A bit more math about option C though.

With 48 CPU threads for builders and testers only, that’d give:

- 3 builders (24 CPU threads)
- 8 testers (24 CPU threads)
or
- 4 builders (32 threads)
- 5 testers (15 threads)

First option sounds more reasonable, as testers are way longer than
builders (when they run the whole test suite).

Hard to say for now how that would cope with Feature #5288.

#15 Updated by intrigeri 2014-10-27 10:24:54

> Hosting cost would probably be a bit more than Lizard, as if option C
> is chosen, the new machine would have twice the number of CPUs of
> Lizard, also low TDP ones. And as electricity is the limiting factor
> in the colo…

Do we have information about which one(s) of the options are actually possible at the colo?

#16 Updated by bertagaz 2014-10-27 10:33:47

intrigeri wrote:
> Do we have information about which one(s) of the options are actually possible at the colo?

Not yet, I didn’t contact them, I thought about refining the plans a bit before asking them. Maybe now is the right time, and I can start to discuss it with them.

#17 Updated by intrigeri 2014-10-27 22:15:52

Sorry for the delay I’ve needed to look at this. I agree with most things that have been said here, so thanks a lot for working this out! I think that we have a consensus to drop option B, so I’ll ignore it in what follows.

A few comments and opinions:

  • The purchase cost difference between option A and option C is too small to be worth taking into account. Our other criteria seem more important to me, so I’ll dismiss this one.
  • I’m pretty sure that option A will be enough to cover our plans for 2015, and all currently planned or envisioned short-term additional needs. I’d like to point out that even option A leaves 8 CPU threads and 20GiB for the host system and future needs. But our plans for the years after are unclear, so it’s hard to know for sure if it’ll be enough for 2-3 years. OTOH, hardware gets cheaper everyday, so buying computation power now because we might need it in 1.5 years doesn’t look like a good bet to me. IMO we simply currently lack the foreseeing ability that would be needed to make it worth it to purchase bonus hardware and to let it sleep for a year or two. So, the “option A might not be enough in 2 years” argument isn’t convincing me at all.
  • I acknowledge that it would be good to isolate our Jenkins stuff from the rest of our infrastructure. This does speak in favor of option C.
  • I also acknowledge that if we put all builder and tester VMs on a dedicated box (option C), then the additional sysadmin work caused by having a 2nd box is not that big. But it exists nevertheless: we’ll still need to set up and maintain duplicated infrastructure (off the top of my head: puppetmaster, web server, backups, APT proxy, Git repo hosting), that haven’t been taken into account in the plans that were happily drawn on option C as far as I can see. I’m wary of betting on the fact that we’ll have the resources to maintain more systems on the long run.
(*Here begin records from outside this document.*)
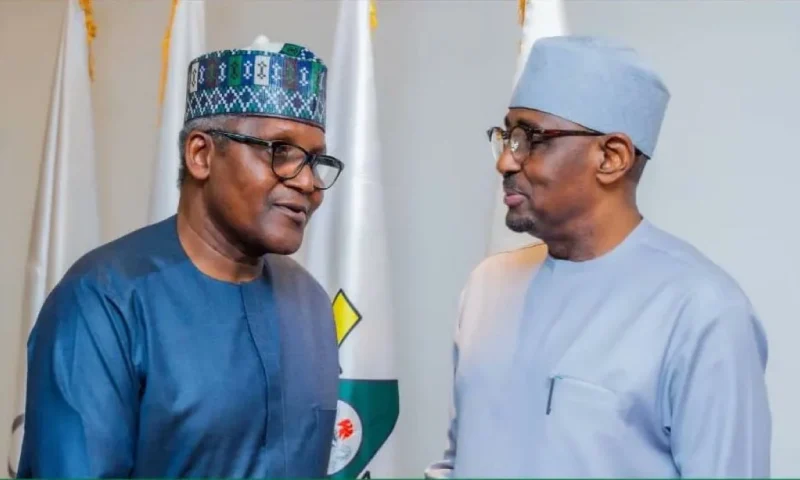 ICPC insists on NMDPRA ex-CEO probe as Dangote withdraws petition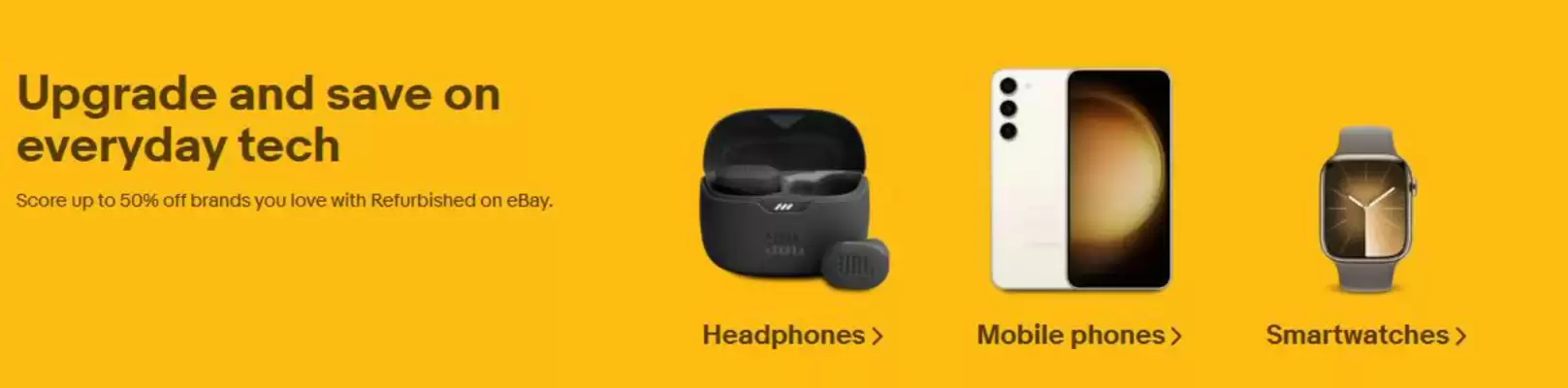 EBay leaflet (valid until 15-10)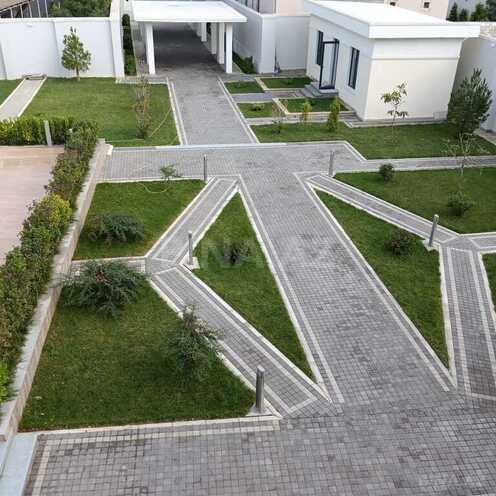 5 otaqlı həyət evi/bağ evi - Buzovna q. - 350 m² (7)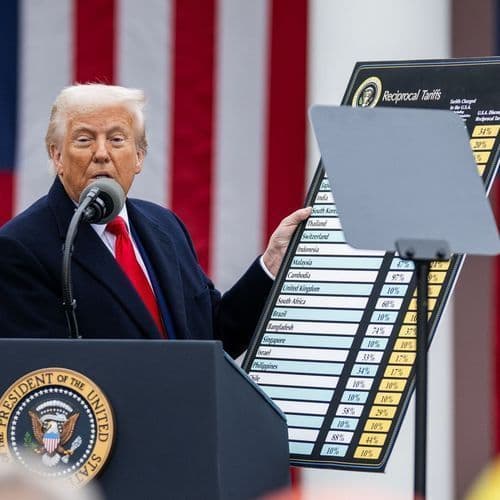 From jewelers to health tech, CEOs want tariff refunds as earnings take a hit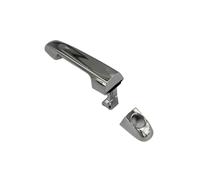 Ggwqfuh Car Side Door Handle for Hyundai for I30 2007-2011 Chrome Outside Exterior Door Handle Handle 82651-2H000(Front Right)
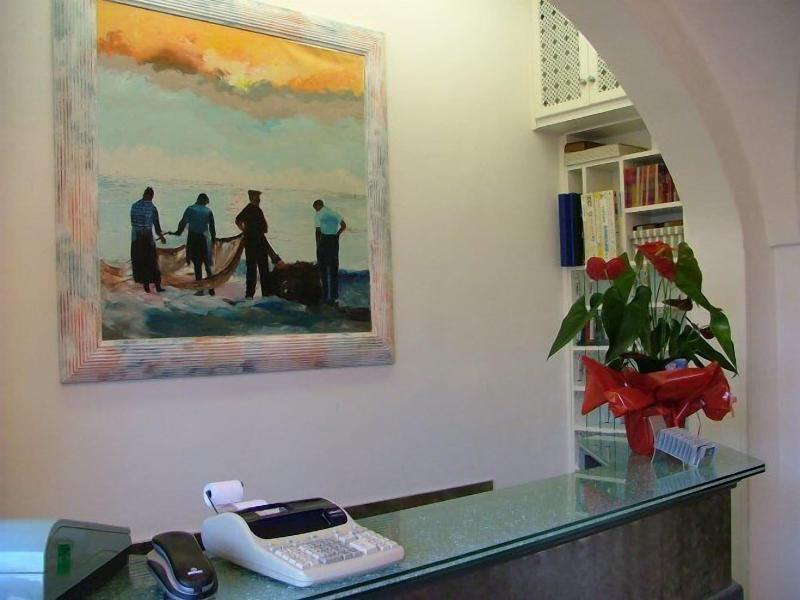 Hotel Danio Lungomare - Lobi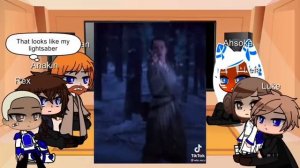 Star Wars Reacts to Future -Sequels- |Pt. 9|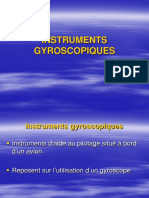Instruments Gyroscopiques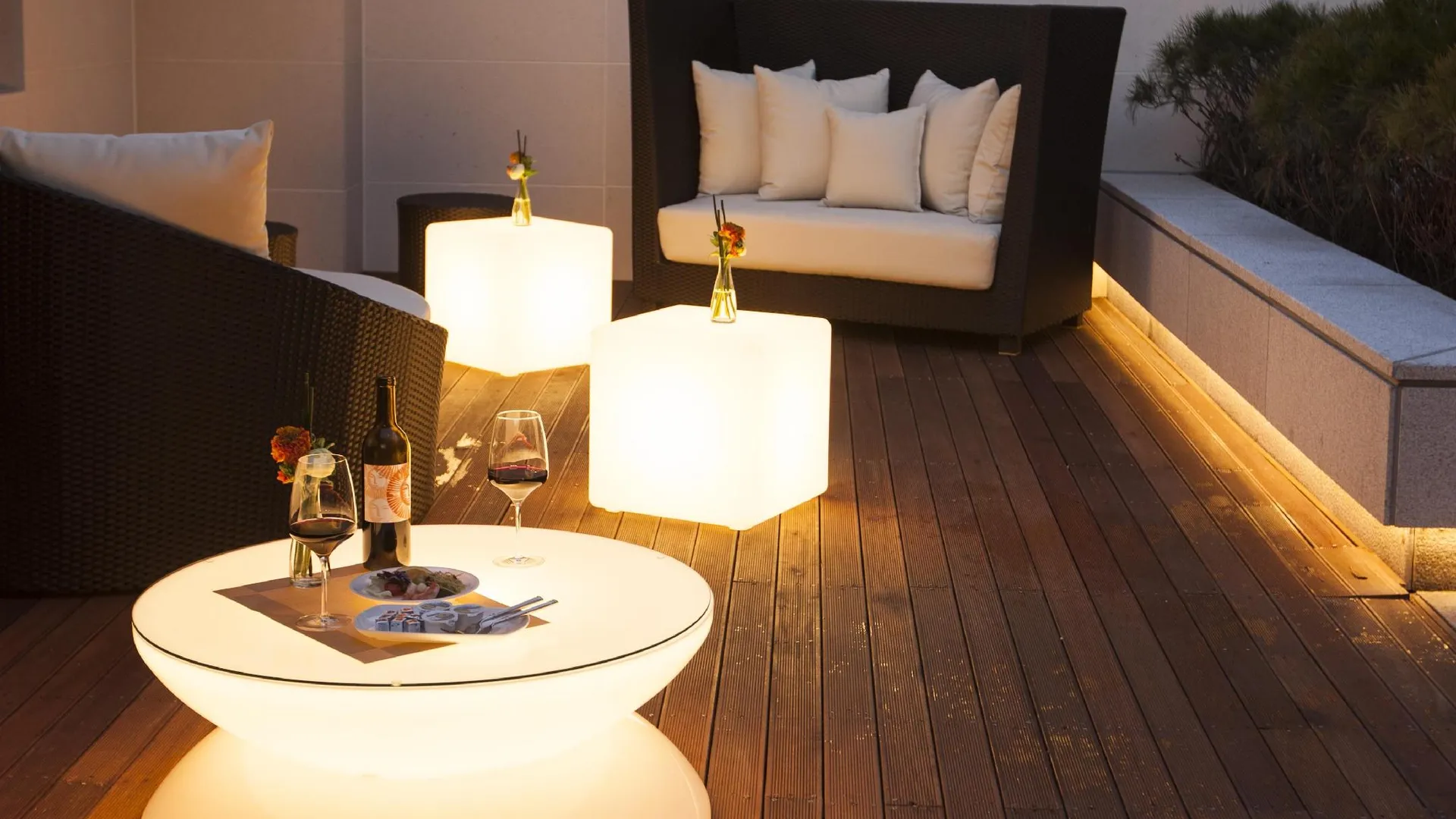 서울 더 그랜드 호텔 명동 4성급 호텔 레스토랑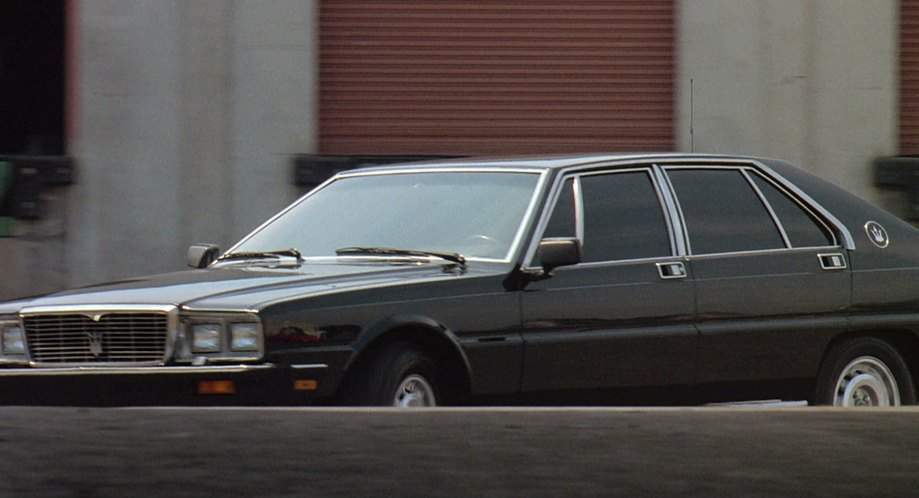 Maserati Quattroporte III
Things have been improving recently, and more people committed to give a hand in the future, but I’m very much tempted to let time tell. When looking at things from this side, option A still seems much more reasonable than option C.
  • Regarding what we do with the current hardware we have, if we pick option A: I’d rather discuss that privately.

So, all in all, to me it looks like the compelling arguments are “better isolation” (option C) vs. “less work” (option A). As you have guessed already, I’m strongly leaning towards option A. We can still revisit this in 18-36 months, once we have some field experience with Feature #5288, and know our needs better.

Now, I think we lack some information to make a decision:

  • Do the quotes on the blueprint take into account sales tax? (It varies greatly depending on the state.)
  • Does our current case really work with the mobo from option A? (I know bertagaz is pretty sure it does, but we’ve already had bad surprises, and I’d like know what our preferred expert thinks.)
  • Is option A’s and option C’s CPU / RAM / mobo combination working? Same as above, I’d like to see bertagaz’ draft validated by our preferred hardware geek.
  • Does the chosen CPU support fast nested KVM? I guess so, since it’s Haswell, but I’d like to see this confirmed by actual data. IIRC, I’ve posted to -dev@ a few months ago some links to documentation that explains exactly what CPU features are needed. If not, lookup “nested virtualization” and “shadow turtles” (yes!) online.
  • Are there maybe better/alternate CPUs for our needs? I’d love to know what our preferred hardware expert thinks. In particular, if we’re allowed to pick CPUs that are not low-voltage, then it would possibly be a game changer (I’m thinking of E5-2690 v3 and E5-2680 v3, that have faster cores that would be useful right now, as opposed to more cores that will be mostly sleeping until we find out how to use them, as in option C). This is related to my next points:
  • Can the colo handle upgrading lizard to a pair of CPUs with 120W TDP each? If yes, what would be the monthly cost?
  • Can the colo handle option A power-wise? If yes, what would be the monthly cost?
  • Can the colo handle option C, space and power-wise? If yes, what would be the monthly cost?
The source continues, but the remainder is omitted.